Externally driven local colloidal ordering induced by a point-like heat source

TL;DR

This study demonstrates how a point-like heat source can induce local phase transitions and diverse colloidal structures, including crystals and amorphous states, through thermophoresis in suspension.

Contribution

It reveals the role of thermophoresis in controlling colloidal phase transitions and structures near a heat source, introducing a new method for studying densification and ordering.

Findings

Solid clusters form around the heat source.

Various structures like FCC crystals and amorphous states are observed.
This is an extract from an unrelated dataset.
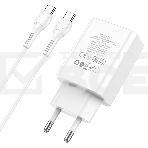 Сетевое зарядное устройство HOCO (6931474769824) C100Aaa 1USB+1Type-C 3.0A QC3.0 PD 20W, белый, фото6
Cluster sizes are determined by concentration profiles, not thermodynamics.

Abstract

We study here how phase transitions are induced in colloidal suspensions by a point-like heat source, an optically trapped metal oxide particle absorbing light. We find that thermophoresis increases the number density of colloids around the oxide particle, leading to the appearance of solid clusters. Our analysis based on thermophoresis reveals that the solid-fluid interface position is purely determined by the relationship of the particle concentration profile in the fluid state with the volume fraction of the phase transition, and no other effect of thermodynamics is seen in the cluster sizes. In this system, we observe the formation of face-centered cubic crystals, amorphous states, and structures with icosahedral order. This shows a rich possibility of non-trivial orderings under spatially controlled heterogeneous growth in external "semi-soft" potentials that are softer than walls but with substantial variations at the scale of a few particle diameters. Because of the tuneable rate of addition of particles to the clusters, we propose this method could be used to study the complex interplay of densification with local spatial confinement effects, kinetics, and ordering.